This content originally appeared on Level Up Coding - Medium and was authored by Afaque Umer
RegEx — The only Ex you need to Remember!
Regular expressions (RegEx) are an incredibly powerful tool for manipulating text and data. They are used in a wide variety of applications, from search engines to text editors to programming languages. In Python, regular expressions are available through the built-in re module.
The module provides a number of functions and classes for working with regular expressions. When coupled with NLP pipelines it becomes a powerful asset for feature extraction from text, string replacement, and other string manipulations. Read official documentation here.
This blog post will explain the basics of regular expressions and how to use them in Python. After reading this article, you will be able to use regular expressions to solve a variety of real-world problems.
Functions in RegEx
The re module offers a bunch of functions that allows us to search a string for the pattern we defined, but here , only the most frequently used ones are covered.
re.search(pattern, string):
Searches the string for a match, returns only the first occurrence of the match if there is a match None otherwise.

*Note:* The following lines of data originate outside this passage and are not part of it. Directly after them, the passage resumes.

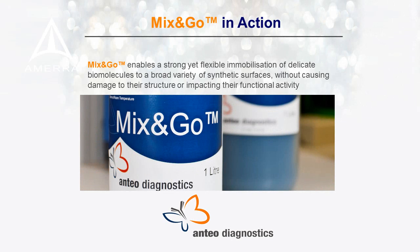Welcome to this animated video about Antio's proprietary surface coating called Mix & Go. Mix & Go is a product which enables a strong yet flexible immobilization of delicate biomolecules to a broad variety of synthetic surfaces without causing damage to their protein structure or impacting on their functional activity. This short animation will give you an overview of some of the advantages of using Mix & Go and how its unique design is superior to other existing methods. Please note, for demonstrational purposes in this animation, a biomolecule will be represented by an antibody.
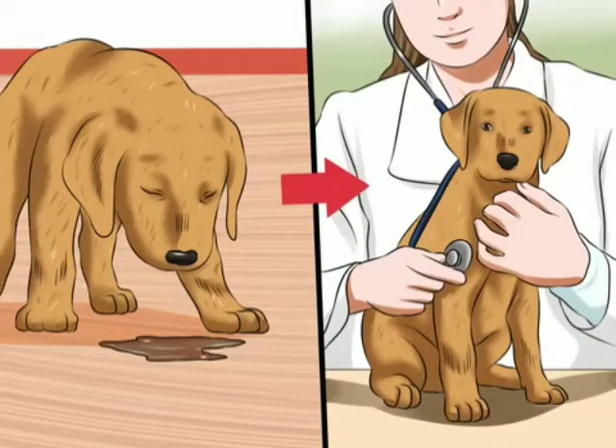How to treat canine coronavirus in puppies. Canine coronavirus, also called CCV, is the second most common viral cause of diarrhea, with parvovirus being the most common one. However, where parvovirus is often deadly, coronavirus is usually much milder.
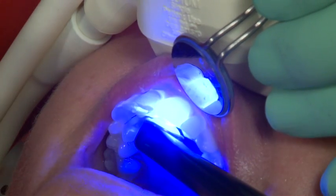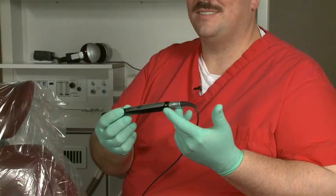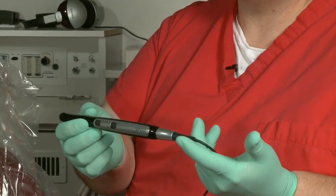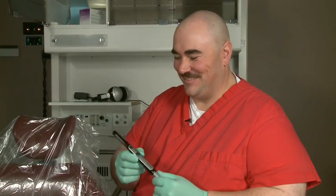The Velo is very ergonomic both in the mouth and for the user. It's lightweight. It's small. It's not intimidating. The patients like it. My assistants love it. I love Velo — I don't like it, I love the Velo light.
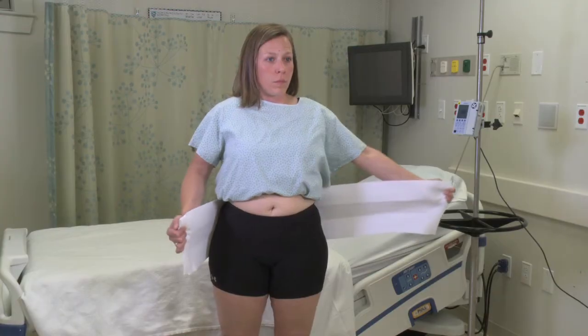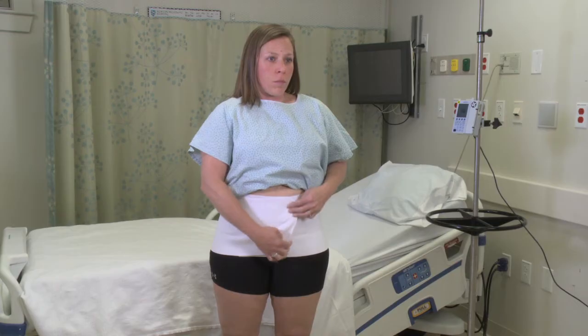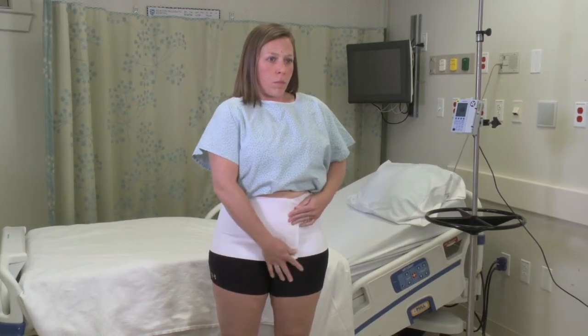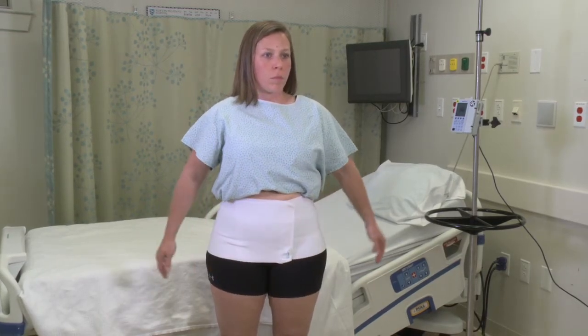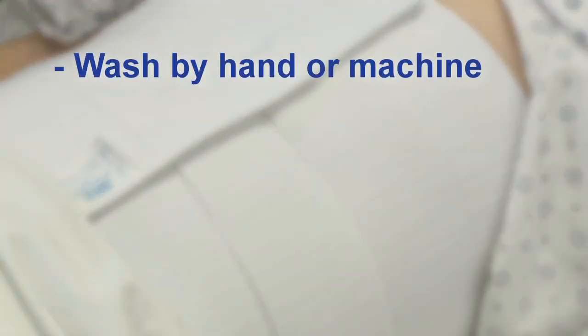Patients may take their Dale binders home for continued benefits both during and after recovery. It fits inconspicuously under clothing to provide comfortable support as normal activity resumes.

re.findall(pattern, string):
Return a list of all non-overlapping matches in the string else None if no position in the string matches the pattern.
re.split(pattern, string):
It returns a list where the string has been split at each match.
re.sub(pattern, replacement, string):
This replaces the matches with the text of your choice.
1. re.search(pattern, string)
It will look for the first occurrence of a pattern/regex and returns a match object otherwise, it returns “null”. It will verify all rows of the target string.
2. re.findall(pattern, string)
This function is used to look for “all” possible non-overlapping appearances of the pattern looping over all the rows of the target string.
3. re.split(pattern, string, maxsplit)
This function splits the string by the occurrences of the regex pattern, thereby returning a list containing the resulting substrings. Maxplit defines the number of splits you wanted to perform.
4. re.sub(pattern, repl, string)
This function searches for the pattern in the string and replaces the matched strings with the replacement repl.
Metacharacters in RegEx
Metacharacters are characters with special meanings. Metacharacters don’t match themselves. Instead, they indicate some rules. These are the metacharacters that we’ll discuss [] \ . ^ $ * + ? {} | () here 👇
1. [] - A set of characters class you wish to match. You can also specify a range of characters using - inside square brackets.
- [abc] This will match(single character) any of the characters a, b or c this is the same as [a-c].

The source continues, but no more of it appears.